- Digital cover

Studio album by Enhypen
- Released: July 12, 2024
- Studios: Carrot Express (Seoul); HYBE (Seoul); Young (Seoul);
- Genres: K-pop; R&B; synth-pop;
- Length: 25:51
- Languages: Korean; English;
- Labels: Belift Lab; Genie Music; Stone Music;
- Producers: Cirkut; Count Baldor; El Capitxn; Heeseung; "Hitman" Bang; Jvke; Mike Daley; Nara (Vendors); Nico Stadi; Pearl Lion; Slow Rabbit; Sweater Beats; Vaughn Oliver; Wonderkid; ZVC;

Enhypen chronology
| Memorabilia (2024) | Romance: Untold (2024) | Desire: Unleash (2025) |

Singles from Romance: Untold
- "XO (Only If You Say Yes)" Released: July 12, 2024;

Repackage edition cover
- Digital cover

Singles from Romance: Untold -Daydream-
- "No Doubt" Released: November 11, 2024;

= Romance: Untold =

Romance: Untold is the second Korean-language and third studio album by South Korean boy band Enhypen, released on July 12, 2024, through Belift Lab. The album consists of nine tracks, including the lead single "XO (Only If You Say Yes)". It reached number one in South Korea, Japan and France, and number two on the US Billboard 200.

The album was reissued as Romance: Untold -Daydream- on November 11, 2024. In addition to the original album, the reissue includes two new songs, including the lead single "No Doubt".

==Background and release==
===Romance: Untold===
On June 16, the logo teaser for Enhypen's second studio album, Romance: Untold, was released, with pre-orders starting the next day. On June 20, two concept cinema posters for the album were posted on the group's official social media accounts, teasing the release of a short film on June 22 in collaboration with director Lee Chung-hyun. Romance: Untold album was released on July 12, 2024.

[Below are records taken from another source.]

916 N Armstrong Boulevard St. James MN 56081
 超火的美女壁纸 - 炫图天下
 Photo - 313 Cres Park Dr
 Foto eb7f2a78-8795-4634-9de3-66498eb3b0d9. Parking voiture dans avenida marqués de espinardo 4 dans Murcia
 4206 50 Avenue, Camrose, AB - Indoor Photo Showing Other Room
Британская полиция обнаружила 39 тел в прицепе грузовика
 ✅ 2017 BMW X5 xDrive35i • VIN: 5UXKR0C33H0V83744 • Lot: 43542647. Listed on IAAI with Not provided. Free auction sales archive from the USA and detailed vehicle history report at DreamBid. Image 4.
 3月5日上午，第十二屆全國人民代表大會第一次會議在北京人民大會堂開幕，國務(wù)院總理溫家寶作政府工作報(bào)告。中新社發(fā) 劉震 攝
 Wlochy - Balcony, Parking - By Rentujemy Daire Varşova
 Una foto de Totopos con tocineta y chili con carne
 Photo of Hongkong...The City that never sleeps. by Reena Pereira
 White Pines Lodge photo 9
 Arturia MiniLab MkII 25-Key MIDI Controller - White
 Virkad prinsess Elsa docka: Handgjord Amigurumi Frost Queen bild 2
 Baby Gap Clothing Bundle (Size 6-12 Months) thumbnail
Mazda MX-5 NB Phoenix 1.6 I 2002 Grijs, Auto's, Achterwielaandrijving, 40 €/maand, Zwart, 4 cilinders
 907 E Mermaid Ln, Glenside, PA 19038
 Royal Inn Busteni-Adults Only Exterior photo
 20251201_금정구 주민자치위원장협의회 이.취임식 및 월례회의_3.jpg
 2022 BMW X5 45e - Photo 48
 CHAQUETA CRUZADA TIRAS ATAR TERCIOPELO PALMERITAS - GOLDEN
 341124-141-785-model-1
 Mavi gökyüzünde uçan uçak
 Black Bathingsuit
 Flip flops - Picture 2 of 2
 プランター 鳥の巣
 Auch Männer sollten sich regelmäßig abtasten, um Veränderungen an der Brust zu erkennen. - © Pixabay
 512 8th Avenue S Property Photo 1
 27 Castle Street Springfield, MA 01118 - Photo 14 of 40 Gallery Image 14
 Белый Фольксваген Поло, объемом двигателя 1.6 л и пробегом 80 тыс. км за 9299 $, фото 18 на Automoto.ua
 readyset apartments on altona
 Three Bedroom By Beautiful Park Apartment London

===Romance: Untold -Daydream-===
On September 25, it was reported that Enhypen would release a repackage of Romance: Untold in November. The repackage, Romance: Untold -Daydream-, was announced on October 14. The repackage adds two new songs, "Daydream" and "No Doubt", with the latter serving as the lead single. The repackage was released on November 11.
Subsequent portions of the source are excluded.